I have a secret.
Promise you won’t tell?
I love Halloween.
I always have.
At age five I had this hideous rubber witch mask for Halloween. I used to put it on and terrify my younger sister for years afterward.
Sorry, babe. I was five.
At age seven, I reveled in the power of the Dark Side in what would be the last store bought costume I would wear for over twenty years.
You have no idea how jealous I am of how much cooler the Darth Vader costumes are now.
Years of make-your-own costumes passed.
I was The Bandit who was ballsy enough to pretend to stick up the patrol car making rounds. Luckily I was only eight or nine.
I was the 80’s rocker with day-glo sprayed hair capable of making you high from the fumes.
In high school I wore regular clothing as I knocked on doors, calmly explaining to “Where’s your costume?” inquiries with, “I’m a homicidal maniac. Didn’t you know we look like everyone else?”
By the time I graduated college, I missed the ancient ritual of trick-or-treating myself so much I donned a sweatshirt from my alma matter and went to my neighbors as a college student, explaining I really just wanted to introduce myself because I’d bought a house there just a few months before.
Which was true.
But I really missed the candy, and it was one of the few years a heavy jacket was not required.
The Halloween’s of the past are shrouded in many years of cold wind, freak snow storms, and most costumes rendered unrecognizable thanks to the frigid weather and the multiple layers required.
No wonder I never wanted to be a princess.
When I moved to Texas, I was surprised and delighted to see parents dress up as they trick-or-treated with their children. No one did that in Iowa – it was just too much work for a costume no one would see.
Once my son reached trick-or-treating age, I was equally shocked to see how many people dressed up just to hand out candy.
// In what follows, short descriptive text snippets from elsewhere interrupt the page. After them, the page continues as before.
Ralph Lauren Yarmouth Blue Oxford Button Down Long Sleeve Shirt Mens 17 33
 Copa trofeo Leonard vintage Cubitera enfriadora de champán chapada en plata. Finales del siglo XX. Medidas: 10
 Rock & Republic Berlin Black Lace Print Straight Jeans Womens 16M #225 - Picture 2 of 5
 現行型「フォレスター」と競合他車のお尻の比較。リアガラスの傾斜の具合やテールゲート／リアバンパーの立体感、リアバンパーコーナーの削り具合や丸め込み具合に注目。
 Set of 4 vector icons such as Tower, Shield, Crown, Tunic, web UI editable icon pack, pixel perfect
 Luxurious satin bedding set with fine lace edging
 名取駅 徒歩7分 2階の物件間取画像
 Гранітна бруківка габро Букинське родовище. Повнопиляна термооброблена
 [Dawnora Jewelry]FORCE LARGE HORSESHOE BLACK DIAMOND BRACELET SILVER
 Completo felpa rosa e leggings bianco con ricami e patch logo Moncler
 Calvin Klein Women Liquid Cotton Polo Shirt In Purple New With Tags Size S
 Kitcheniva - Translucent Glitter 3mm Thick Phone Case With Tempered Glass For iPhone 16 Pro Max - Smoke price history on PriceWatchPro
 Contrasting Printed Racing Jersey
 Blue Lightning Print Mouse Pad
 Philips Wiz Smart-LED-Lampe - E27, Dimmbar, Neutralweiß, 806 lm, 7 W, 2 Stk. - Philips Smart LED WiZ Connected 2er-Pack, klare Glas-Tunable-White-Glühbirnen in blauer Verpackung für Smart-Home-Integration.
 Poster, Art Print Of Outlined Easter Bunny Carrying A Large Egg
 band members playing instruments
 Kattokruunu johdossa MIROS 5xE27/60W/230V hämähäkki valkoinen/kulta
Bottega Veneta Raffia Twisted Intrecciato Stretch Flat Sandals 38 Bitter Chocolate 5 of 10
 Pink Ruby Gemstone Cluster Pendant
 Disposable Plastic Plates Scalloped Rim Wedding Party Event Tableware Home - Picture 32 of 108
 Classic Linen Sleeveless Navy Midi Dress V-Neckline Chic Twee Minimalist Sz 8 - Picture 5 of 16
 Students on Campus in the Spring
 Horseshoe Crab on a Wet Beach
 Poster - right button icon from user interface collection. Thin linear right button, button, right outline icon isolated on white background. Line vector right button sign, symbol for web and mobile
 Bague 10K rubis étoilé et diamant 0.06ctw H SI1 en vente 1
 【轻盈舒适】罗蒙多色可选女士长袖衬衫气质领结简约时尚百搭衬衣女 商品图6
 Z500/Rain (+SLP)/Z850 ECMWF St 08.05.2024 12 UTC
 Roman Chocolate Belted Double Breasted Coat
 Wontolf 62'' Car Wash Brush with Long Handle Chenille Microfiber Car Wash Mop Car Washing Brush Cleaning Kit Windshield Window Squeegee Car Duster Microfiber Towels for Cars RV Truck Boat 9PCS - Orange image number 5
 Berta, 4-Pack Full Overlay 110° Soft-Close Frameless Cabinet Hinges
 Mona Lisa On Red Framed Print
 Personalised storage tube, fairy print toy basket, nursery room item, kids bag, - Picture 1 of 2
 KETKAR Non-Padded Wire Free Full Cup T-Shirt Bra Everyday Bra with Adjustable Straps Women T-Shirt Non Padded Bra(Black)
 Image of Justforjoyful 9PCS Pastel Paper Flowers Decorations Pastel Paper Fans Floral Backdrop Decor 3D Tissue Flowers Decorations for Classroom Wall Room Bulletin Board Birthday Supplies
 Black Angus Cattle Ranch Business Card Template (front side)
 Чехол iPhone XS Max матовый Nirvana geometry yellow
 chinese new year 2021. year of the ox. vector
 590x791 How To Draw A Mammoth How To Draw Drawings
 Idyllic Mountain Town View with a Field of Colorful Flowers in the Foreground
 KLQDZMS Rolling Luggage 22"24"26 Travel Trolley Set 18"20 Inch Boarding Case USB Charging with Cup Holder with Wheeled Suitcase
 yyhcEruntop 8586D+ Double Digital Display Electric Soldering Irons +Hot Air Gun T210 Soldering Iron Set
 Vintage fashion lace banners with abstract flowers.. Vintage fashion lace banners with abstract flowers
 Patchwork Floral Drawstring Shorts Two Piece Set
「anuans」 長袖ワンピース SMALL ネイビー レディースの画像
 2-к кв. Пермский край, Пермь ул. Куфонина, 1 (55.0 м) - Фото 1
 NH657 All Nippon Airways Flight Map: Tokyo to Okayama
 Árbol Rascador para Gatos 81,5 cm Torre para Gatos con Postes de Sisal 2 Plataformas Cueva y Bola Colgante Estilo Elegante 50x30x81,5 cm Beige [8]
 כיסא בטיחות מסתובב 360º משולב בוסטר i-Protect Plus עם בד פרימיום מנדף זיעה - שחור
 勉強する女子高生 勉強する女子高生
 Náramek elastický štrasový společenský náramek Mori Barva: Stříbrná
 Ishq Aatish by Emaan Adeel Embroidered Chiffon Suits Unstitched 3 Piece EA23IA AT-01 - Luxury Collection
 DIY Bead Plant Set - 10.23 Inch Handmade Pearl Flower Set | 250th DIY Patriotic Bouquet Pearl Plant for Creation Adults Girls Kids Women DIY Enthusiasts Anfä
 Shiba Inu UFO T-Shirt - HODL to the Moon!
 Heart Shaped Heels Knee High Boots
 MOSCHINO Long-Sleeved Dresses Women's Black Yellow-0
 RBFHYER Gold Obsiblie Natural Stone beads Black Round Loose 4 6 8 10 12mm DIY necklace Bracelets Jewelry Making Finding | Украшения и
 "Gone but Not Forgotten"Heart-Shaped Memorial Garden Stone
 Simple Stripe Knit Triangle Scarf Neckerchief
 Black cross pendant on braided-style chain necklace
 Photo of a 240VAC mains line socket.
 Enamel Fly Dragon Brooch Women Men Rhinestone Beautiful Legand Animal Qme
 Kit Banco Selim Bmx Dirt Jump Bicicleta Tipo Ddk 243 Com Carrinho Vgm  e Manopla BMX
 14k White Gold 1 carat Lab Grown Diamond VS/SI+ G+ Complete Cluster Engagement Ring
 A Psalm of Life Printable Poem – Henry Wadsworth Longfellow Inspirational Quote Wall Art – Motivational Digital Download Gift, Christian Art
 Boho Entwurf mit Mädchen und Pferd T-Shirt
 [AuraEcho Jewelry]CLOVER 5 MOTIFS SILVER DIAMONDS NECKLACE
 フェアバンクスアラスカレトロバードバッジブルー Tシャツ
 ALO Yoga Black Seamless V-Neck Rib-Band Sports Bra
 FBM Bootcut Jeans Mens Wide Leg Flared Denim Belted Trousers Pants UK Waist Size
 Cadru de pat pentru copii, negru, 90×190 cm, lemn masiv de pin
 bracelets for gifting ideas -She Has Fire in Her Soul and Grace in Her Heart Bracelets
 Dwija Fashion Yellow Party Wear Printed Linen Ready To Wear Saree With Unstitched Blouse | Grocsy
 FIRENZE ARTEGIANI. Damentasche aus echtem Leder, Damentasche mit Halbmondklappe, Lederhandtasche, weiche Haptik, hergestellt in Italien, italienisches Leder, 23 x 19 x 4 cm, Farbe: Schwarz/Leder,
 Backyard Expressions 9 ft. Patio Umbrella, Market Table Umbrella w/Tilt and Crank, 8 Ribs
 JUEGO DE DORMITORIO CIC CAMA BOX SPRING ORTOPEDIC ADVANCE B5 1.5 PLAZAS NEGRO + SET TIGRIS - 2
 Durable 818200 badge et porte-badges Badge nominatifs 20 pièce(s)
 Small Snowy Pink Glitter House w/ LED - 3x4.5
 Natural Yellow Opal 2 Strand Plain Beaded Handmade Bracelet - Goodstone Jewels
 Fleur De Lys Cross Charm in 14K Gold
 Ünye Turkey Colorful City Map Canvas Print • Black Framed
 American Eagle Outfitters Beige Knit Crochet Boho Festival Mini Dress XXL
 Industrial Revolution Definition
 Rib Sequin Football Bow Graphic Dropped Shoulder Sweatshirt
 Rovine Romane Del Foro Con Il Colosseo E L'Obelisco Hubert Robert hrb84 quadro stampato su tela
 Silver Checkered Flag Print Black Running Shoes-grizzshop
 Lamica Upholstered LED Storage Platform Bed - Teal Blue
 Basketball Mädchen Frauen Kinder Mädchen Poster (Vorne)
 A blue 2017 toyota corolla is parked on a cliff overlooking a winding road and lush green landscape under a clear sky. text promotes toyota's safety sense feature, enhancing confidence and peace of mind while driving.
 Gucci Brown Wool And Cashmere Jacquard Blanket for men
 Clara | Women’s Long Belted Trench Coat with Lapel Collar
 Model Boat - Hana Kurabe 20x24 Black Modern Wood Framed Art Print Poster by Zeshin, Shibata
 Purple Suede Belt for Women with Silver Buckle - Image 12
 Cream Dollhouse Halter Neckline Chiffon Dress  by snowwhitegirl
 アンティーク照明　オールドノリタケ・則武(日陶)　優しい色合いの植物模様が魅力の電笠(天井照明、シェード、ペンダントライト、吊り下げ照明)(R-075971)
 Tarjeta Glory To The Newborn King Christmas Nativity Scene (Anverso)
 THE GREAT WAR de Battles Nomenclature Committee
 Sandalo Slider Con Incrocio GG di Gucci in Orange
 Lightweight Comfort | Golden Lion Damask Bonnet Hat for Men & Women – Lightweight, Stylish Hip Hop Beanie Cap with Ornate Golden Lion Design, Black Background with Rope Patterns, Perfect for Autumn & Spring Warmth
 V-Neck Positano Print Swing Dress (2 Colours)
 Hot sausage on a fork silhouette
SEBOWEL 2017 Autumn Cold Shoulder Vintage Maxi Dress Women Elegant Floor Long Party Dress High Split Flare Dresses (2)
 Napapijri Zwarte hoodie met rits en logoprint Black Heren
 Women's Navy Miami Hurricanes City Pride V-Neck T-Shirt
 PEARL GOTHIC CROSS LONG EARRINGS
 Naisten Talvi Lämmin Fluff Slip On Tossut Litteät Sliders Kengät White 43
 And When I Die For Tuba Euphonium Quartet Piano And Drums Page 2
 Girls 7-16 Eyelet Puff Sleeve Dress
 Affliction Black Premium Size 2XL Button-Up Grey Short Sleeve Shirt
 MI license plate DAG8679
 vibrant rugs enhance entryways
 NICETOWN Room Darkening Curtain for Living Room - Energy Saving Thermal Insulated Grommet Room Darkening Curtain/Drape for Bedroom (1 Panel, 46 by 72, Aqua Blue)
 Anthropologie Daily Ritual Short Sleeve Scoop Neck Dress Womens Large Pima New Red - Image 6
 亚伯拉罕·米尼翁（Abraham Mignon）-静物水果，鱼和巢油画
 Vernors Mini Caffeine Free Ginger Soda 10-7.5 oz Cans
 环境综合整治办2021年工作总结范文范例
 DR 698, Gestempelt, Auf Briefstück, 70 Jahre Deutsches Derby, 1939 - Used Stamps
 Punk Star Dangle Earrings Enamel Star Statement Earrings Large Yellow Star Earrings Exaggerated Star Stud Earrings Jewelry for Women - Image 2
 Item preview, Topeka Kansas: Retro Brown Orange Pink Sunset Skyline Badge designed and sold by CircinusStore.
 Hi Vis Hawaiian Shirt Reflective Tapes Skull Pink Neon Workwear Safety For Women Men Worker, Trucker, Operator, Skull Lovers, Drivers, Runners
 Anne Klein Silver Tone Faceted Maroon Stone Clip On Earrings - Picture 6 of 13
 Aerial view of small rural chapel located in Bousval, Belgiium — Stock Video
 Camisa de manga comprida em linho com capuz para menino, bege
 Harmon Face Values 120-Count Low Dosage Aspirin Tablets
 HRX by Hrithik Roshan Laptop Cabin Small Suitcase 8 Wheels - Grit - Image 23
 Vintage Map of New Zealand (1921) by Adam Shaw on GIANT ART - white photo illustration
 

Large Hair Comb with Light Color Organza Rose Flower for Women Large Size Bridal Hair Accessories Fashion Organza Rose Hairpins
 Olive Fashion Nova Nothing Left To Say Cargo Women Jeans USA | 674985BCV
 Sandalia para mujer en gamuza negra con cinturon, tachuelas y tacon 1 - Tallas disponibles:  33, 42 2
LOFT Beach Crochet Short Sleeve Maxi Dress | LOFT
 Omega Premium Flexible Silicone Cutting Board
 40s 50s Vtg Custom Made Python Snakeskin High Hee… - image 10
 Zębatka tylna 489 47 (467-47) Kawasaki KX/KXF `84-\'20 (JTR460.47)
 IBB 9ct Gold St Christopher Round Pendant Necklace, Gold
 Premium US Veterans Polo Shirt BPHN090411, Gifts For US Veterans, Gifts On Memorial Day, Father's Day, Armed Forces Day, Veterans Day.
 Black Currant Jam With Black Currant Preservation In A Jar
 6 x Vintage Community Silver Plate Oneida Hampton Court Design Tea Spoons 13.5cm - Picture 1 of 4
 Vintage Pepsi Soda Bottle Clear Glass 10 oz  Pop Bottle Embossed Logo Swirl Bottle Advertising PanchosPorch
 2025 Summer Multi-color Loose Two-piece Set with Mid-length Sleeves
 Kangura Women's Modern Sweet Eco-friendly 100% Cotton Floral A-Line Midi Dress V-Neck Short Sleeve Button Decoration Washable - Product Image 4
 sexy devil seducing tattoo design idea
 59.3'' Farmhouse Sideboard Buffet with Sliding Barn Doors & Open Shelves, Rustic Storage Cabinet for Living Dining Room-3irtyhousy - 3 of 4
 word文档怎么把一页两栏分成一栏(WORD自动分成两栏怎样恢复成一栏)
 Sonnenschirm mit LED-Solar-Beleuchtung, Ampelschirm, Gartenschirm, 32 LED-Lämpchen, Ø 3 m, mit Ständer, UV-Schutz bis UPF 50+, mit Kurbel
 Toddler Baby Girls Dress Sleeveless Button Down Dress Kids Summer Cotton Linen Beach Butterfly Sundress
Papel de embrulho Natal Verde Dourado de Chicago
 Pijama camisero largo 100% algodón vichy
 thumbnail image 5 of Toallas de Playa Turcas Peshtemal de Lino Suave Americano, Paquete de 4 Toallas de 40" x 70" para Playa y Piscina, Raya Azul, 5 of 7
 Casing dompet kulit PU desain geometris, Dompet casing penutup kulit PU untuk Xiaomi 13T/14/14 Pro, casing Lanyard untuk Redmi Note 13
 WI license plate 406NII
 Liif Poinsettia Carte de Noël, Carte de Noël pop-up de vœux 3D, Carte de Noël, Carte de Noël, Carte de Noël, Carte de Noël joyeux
This also did not occur in the frigid north, where you shut your door as fast as possible because you have to wear gloves just to answer it.
Here, people will sit in their driveways (myself including before I became one of the parents making the rounds) and watch the parade of costumes.
Where princesses don’t have long sleeve turtlenecks beneath their paper thin dresses and you can only tell it was Batman because his winter cap is pointy.
This year I decided I was tired of trick-or-treating as an exhausted mother.
I bought a costume.
I rocked it.
Because while there is nothing like trick-or-treating as a child, there is something even more magical about trick-or-treating with my children.
The high octane energy of my four and half year old realizing trick-or-treating is imminent so he nearly strikes out on his own because the lure is so great.
This greatly hinders capturing a good family photo or one with all of the kids.
Watching my two year old daughter brave the scary monster for candy while the normally fearless big brother keeps his distance.
Getting the first taste of the new era where trick-or-treating moves into sprint mode as he learns from the older kids walking is such a three year old thing to do.
Viewing the Halloween decorations through their eyes and the delight it brings them.
Hearing my daughter learn the magical words “tick-or-teat” to say at each house then following it with either a “pease”, “tank you”, or “you welcome”. Or all of the above.
Seeing her eyes light up as she realizes her bag contains CANDY!
Waving good-bye to many of my friends, their kids, my four and half year old, and my husband as they splinter off in the warp speed group.
Reveling in the quiet of just me, one friend, and my daughter as I walk further than I ever had in previous years with my son.
Smiling as she charms so many people they keep saying, “You’re so cute and polite I just have to give you some more candy.”
Shock in realizing she out-trick-or-treated her big brother by adhering to the plan of “Slow and Steady and Following the Well-Lit Path Mommy Chooses Gathers the Most Candy”.
Seriously, she only had to be carried the last four houses on the way back to my friend’s house. I was amazed.
The night was helped by the most perfect 75 degree, dry air imaginable. Until the sun went down it was even a little warm.
I definitely wasn’t in Iowa anymore.
Here’s hoping next year is just as fabulous.
Which costume persona of mine to you prefer? Pirate or zombie?